Activity: Write the data out again exactly, with no pictures.

Given material:
------------------------
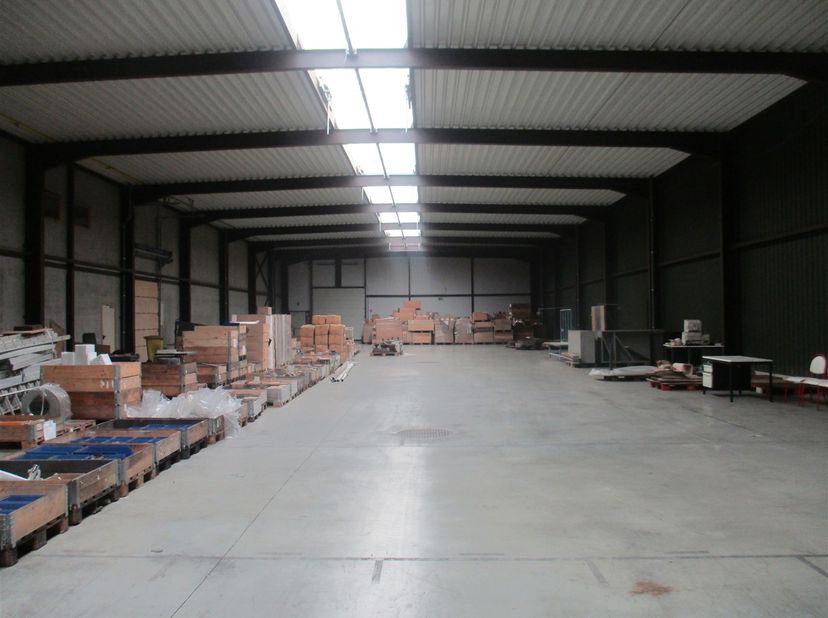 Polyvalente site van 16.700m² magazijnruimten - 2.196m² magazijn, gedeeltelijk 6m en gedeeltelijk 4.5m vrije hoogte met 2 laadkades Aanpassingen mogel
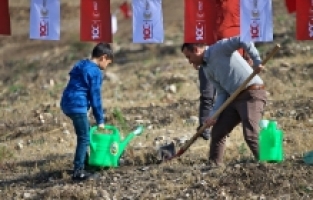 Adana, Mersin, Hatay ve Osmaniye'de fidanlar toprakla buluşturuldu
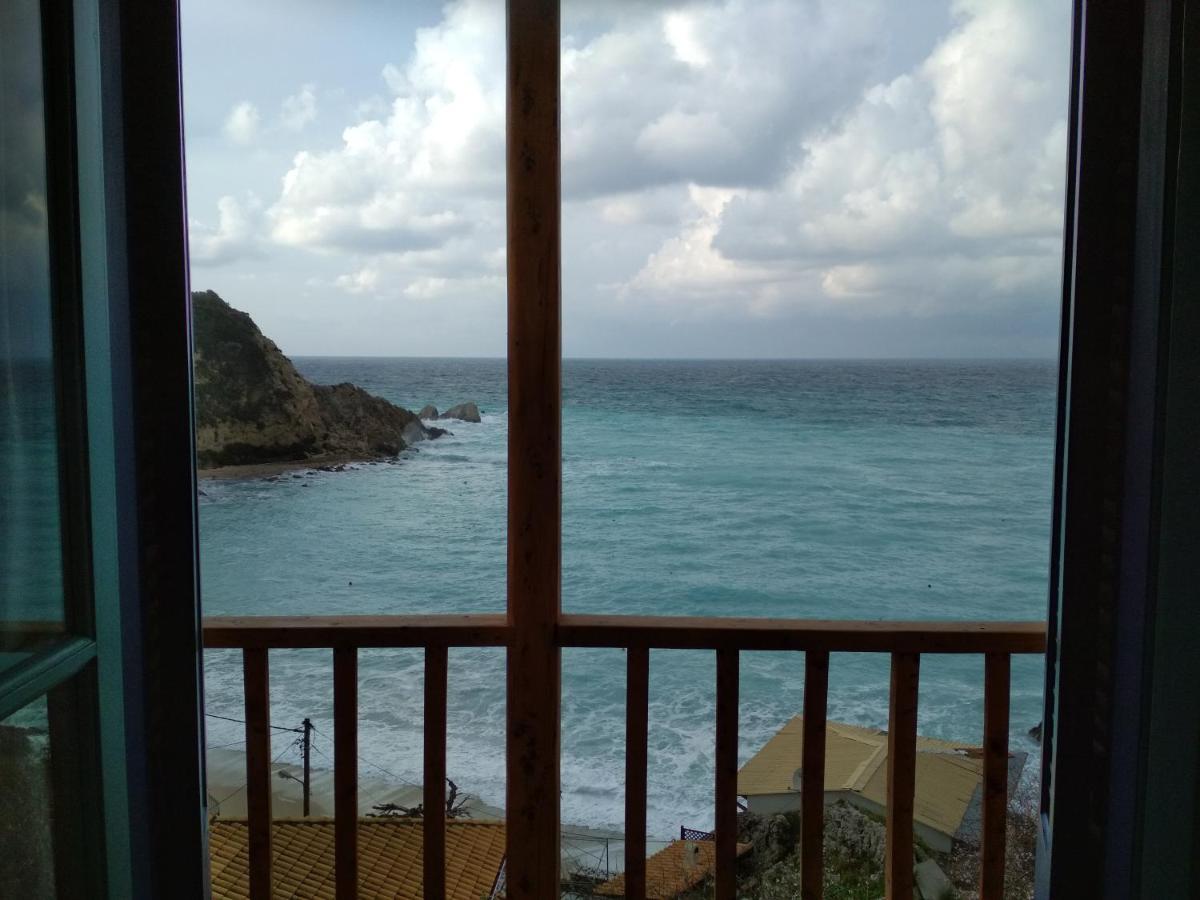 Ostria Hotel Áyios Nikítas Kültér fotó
------------------------
Answer space:
 Polyvalente site van 16.700m² magazijnruimten - 2.196m² magazijn, gedeeltelijk 6m en gedeeltelijk 4.5m vrije hoogte met 2 laadkades Aanpassingen mogel
 Adana, Mersin, Hatay ve Osmaniye'de fidanlar toprakla buluşturuldu
 Ostria Hotel Áyios Nikítas Kültér fotó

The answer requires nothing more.